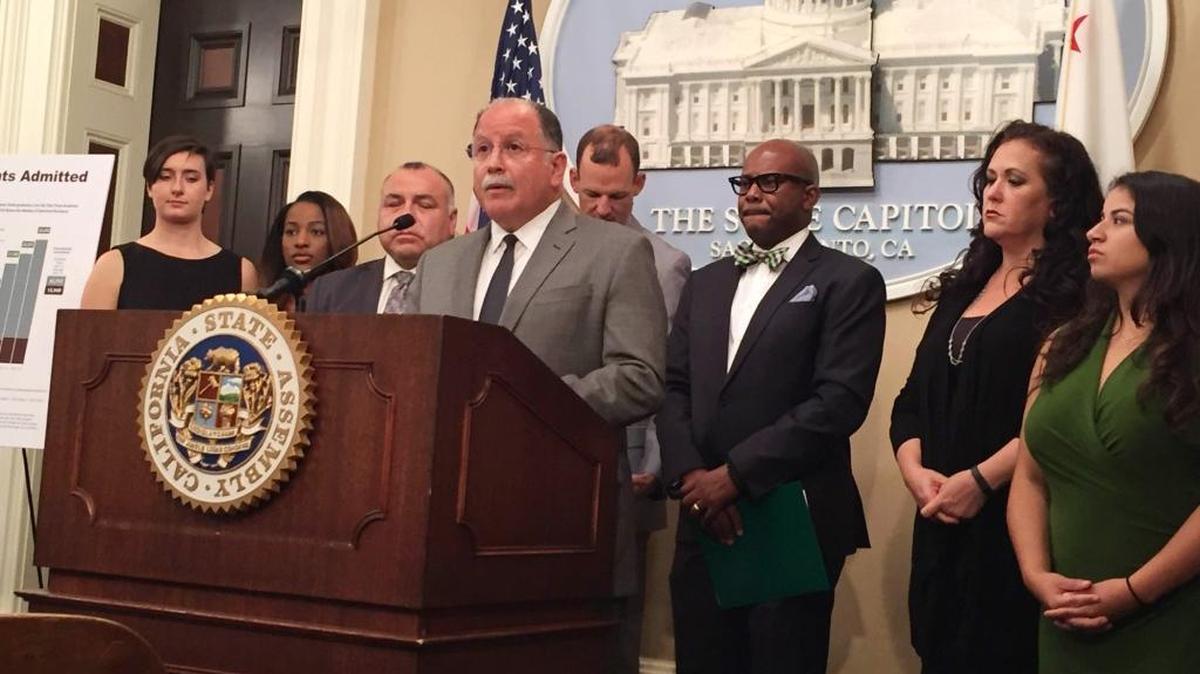 Assemblyman Jose Medina, D-Riverside, and other legislators at a news conference in April on University of California enrollment.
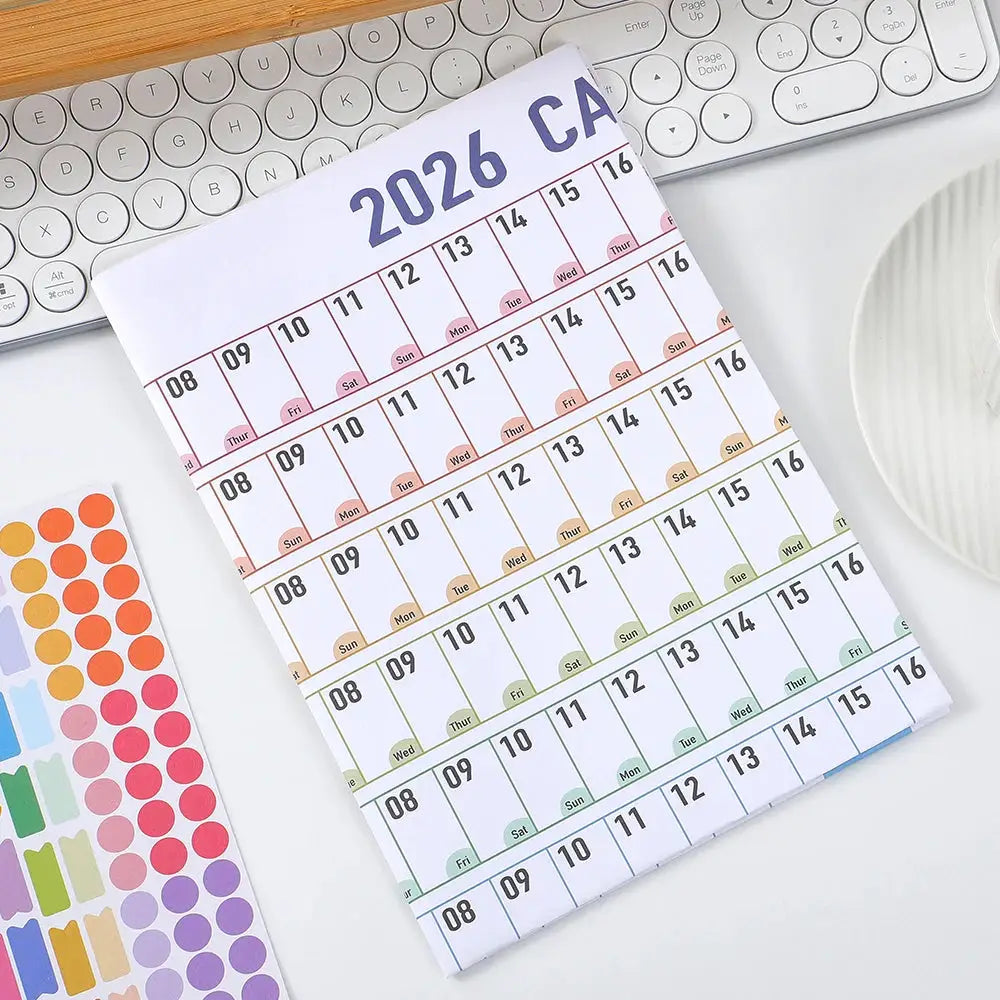 Simples Market 1 Pc 2026 Colorful Paper Wall Calendar with Stickers, pastel grid calendar on desk.
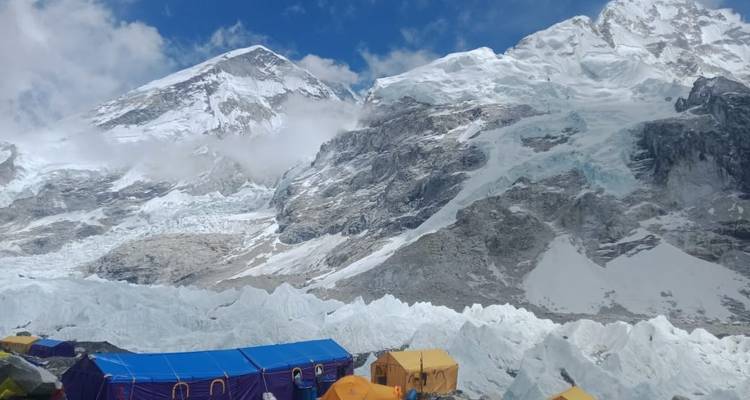 Des tentes colorées au camp de base de l'Everest avec des montagnes enneigées.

# # # # #

EXERCISE OBJECTIVE: Your copy should match the material above exactly, minus its pictures.

PROBLEM SOLUTION:
 Assemblyman Jose Medina, D-Riverside, and other legislators at a news conference in April on University of California enrollment.
 Simples Market 1 Pc 2026 Colorful Paper Wall Calendar with Stickers, pastel grid calendar on desk.
 Des tentes colorées au camp de base de l'Everest avec des montagnes enneigées.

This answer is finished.